European Commission fines 6 video game publishers for geographic blocking

Written by Guillaume
Publication date: {{ dayjs(1611334857*1000).local().format("L").toString()}}
This article is an automatic translation

The countries of the European Union form a single, indivisible market... even for video game publishers who like to compartmentalize the distribution of their works.

In April 2019, the European Commission launched an investigation to determine whether or not video game publishers had engaged in anti-competitive behavior. At the time, the Commission had decided to look into the geographical blockades put in place by some video game companies. Companies that prevented games purchased in Estonia, Hungary, Latvia, Lithuania, Poland, Czech Republic, Romania or Slovakia from being used outside these countries.
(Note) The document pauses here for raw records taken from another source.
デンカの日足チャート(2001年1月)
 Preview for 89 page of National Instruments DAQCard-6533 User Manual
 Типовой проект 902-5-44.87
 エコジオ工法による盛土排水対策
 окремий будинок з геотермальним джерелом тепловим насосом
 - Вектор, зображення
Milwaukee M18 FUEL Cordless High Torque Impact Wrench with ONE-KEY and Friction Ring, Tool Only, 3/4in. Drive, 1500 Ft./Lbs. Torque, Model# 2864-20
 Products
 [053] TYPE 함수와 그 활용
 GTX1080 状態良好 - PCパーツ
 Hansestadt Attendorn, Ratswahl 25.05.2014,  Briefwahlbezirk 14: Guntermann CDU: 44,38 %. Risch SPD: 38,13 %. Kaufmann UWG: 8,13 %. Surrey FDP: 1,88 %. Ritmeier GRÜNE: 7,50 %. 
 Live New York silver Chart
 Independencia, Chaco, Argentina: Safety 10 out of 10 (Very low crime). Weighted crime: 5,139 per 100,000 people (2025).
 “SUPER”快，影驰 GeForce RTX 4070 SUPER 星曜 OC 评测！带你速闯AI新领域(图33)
Why such a blocking? Because the prices charged in these countries are not the same as in Germany or France, for example.

The publishers concerned wanted to avoid that German or French players could buy cheaper games by connecting - usually via VPNs - to the platforms of the countries concerned. The European Commission has therefore confirmed that such a practice - that of geographic blocking - goes against the rules established throughout the European single market: a company does not have the right to set up a barrier within the European Union.

More specifically, Bandai Namco, Capcom, Focus Home Interactive, Koch Media, Valve and ZeniMax (parent company of Bethesda) were targeted by the fines decided by the Commission. Valve and ZeniMax are fined 1.6 million euros each, while Koch Media must pay 1 million, Capcom 396,000 euros and Bandai Namco 340,000 euros. Focus Home Interactive is the most heavily penalized with a fine of 2.8 million euros. The Commission specifies that the companies that have actively cooperated during the investigation have seen their fine reduced, which probably explains the difference between Valve and Focus Home Interactive for example.